■ **What this task involves**
Leave every image behind and restate the data word for word.
START Data section
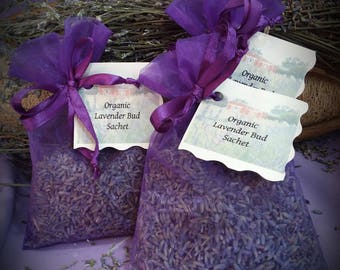 May include: Two purple organza sachets filled with dried lavender buds, each tied with a matching purple ribbon. A white rectangular tag is attached to each sachet, featuring a printed illustration of a red barn and the text Organic Lavender Bud Sachet.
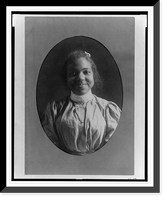 Historic Framed Print, [Young African American woman, half-length portrait, facing front, smiling],  17-7/8" x 21-7/8"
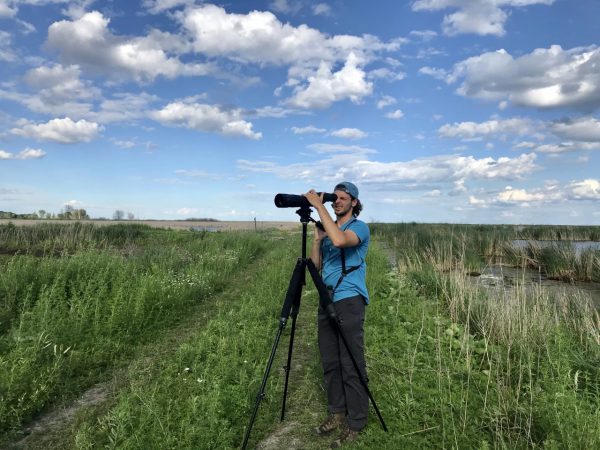 Will Keller from the class of 2023 uses a camera to take pictures in a field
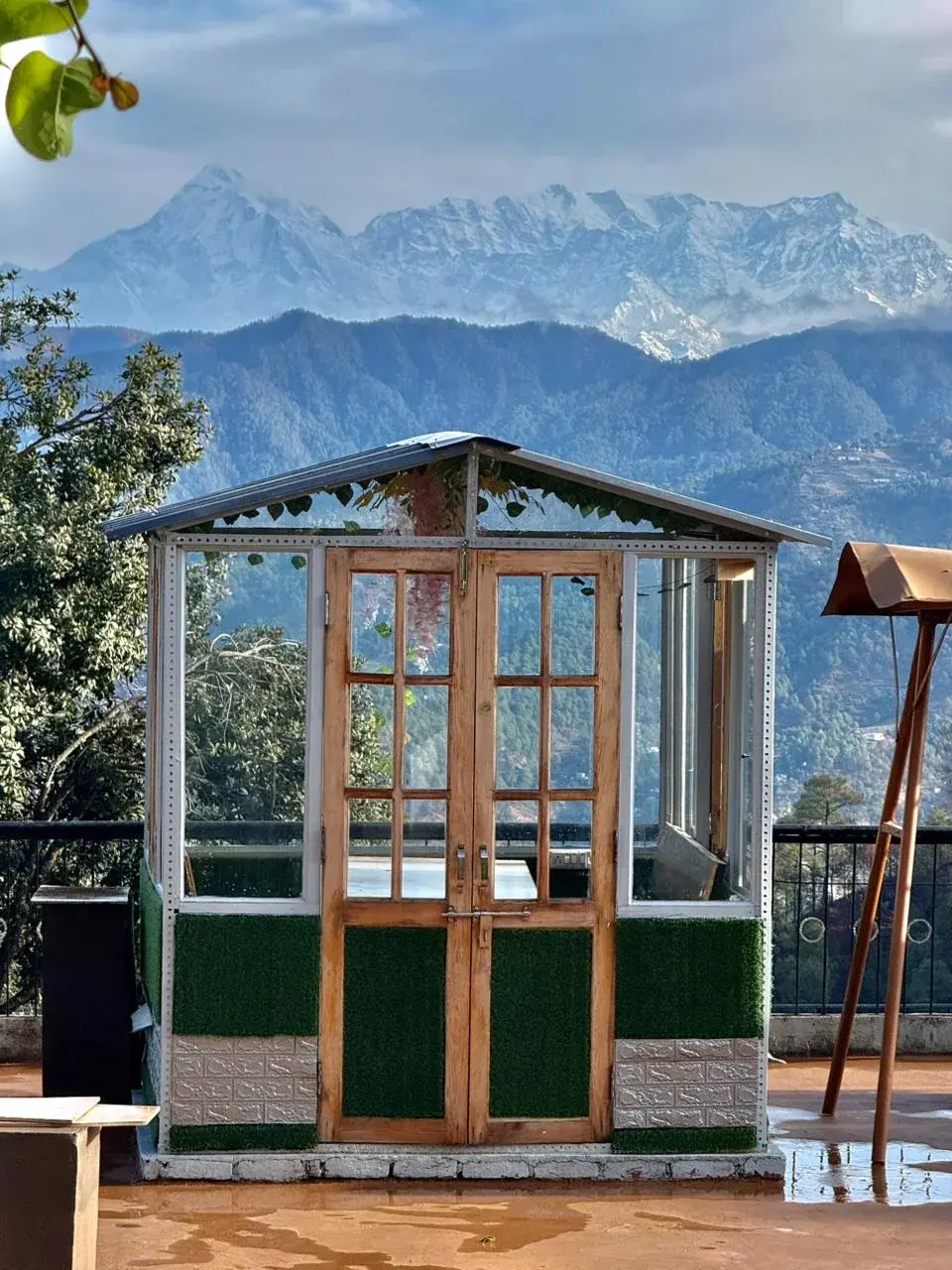 Close-up of a charming wooden gazebo set against snow-capped peaks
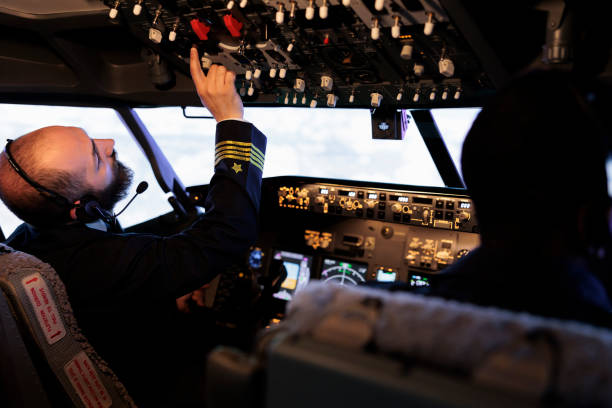 istock Male captain pushing buttons to start power on dashboard control 1439916934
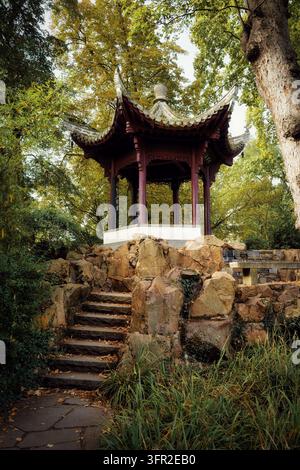 Pavillon chinois traditionnel en bois construit sur une formation rocheuse avec des marches en pierre dans le Bethmannpark de Francfort entouré d'arbres d'automne Banque D'Images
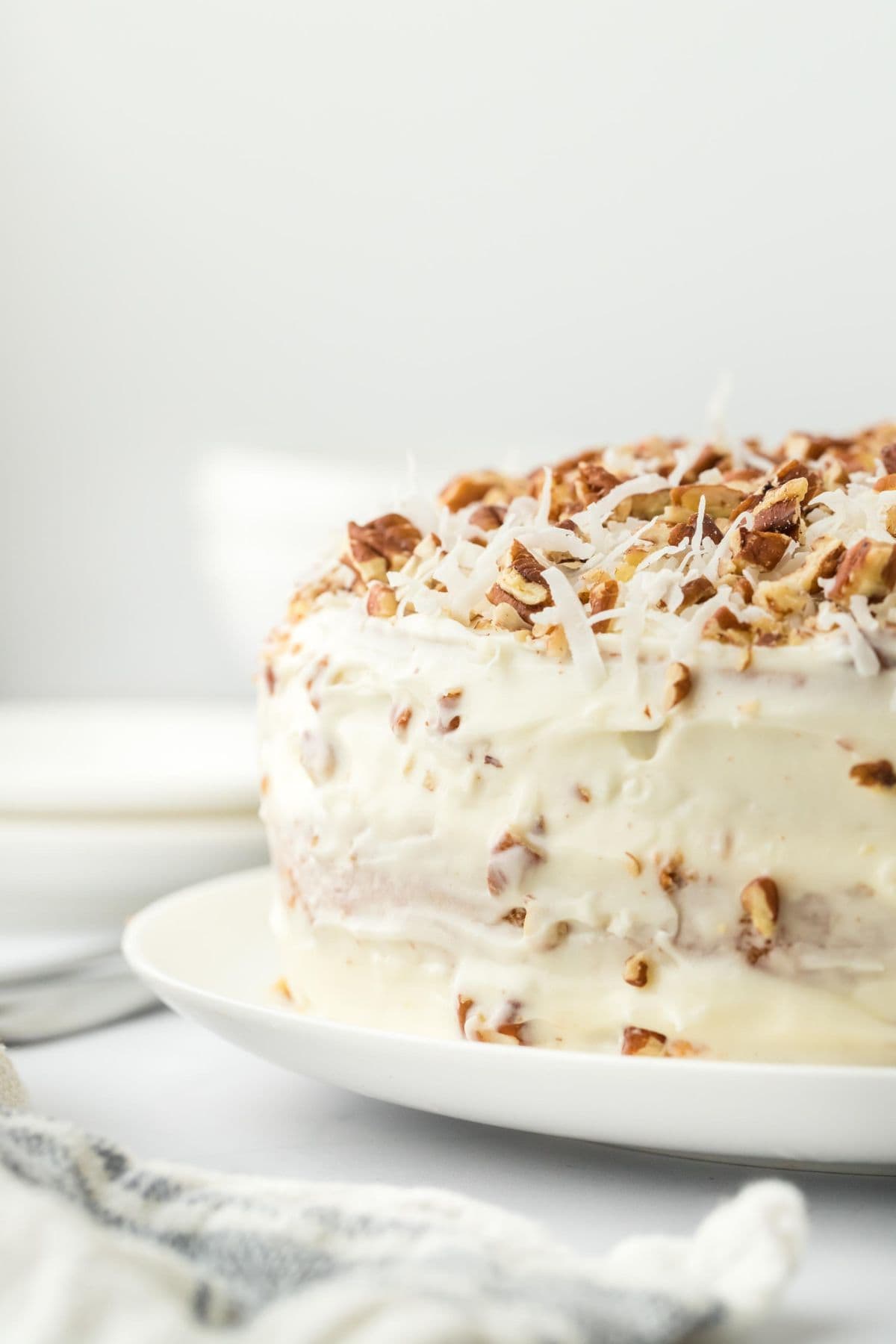 A side view of the Italian cream cake, highlighting the layers of frosting and the pecan-coconut topping.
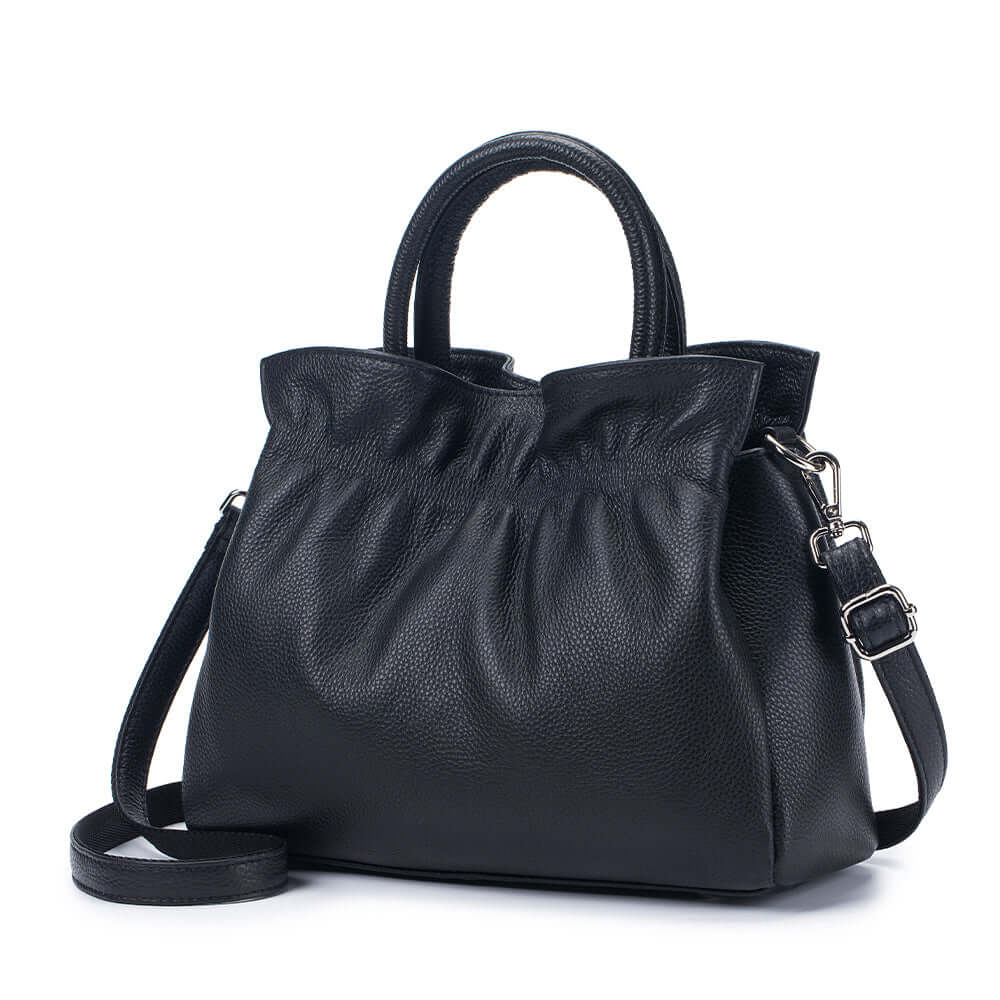 Black leather handbag front view with pleated design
END Data section
■ **Reply to the task**
 May include: Two purple organza sachets filled with dried lavender buds, each tied with a matching purple ribbon. A white rectangular tag is attached to each sachet, featuring a printed illustration of a red barn and the text Organic Lavender Bud Sachet.
 Historic Framed Print, [Young African American woman, half-length portrait, facing front, smiling],  17-7/8" x 21-7/8"
 Will Keller from the class of 2023 uses a camera to take pictures in a field
 Close-up of a charming wooden gazebo set against snow-capped peaks
 istock Male captain pushing buttons to start power on dashboard control 1439916934
 Pavillon chinois traditionnel en bois construit sur une formation rocheuse avec des marches en pierre dans le Bethmannpark de Francfort entouré d'arbres d'automne Banque D'Images
 A side view of the Italian cream cake, highlighting the layers of frosting and the pecan-coconut topping.
 Black leather handbag front view with pleated design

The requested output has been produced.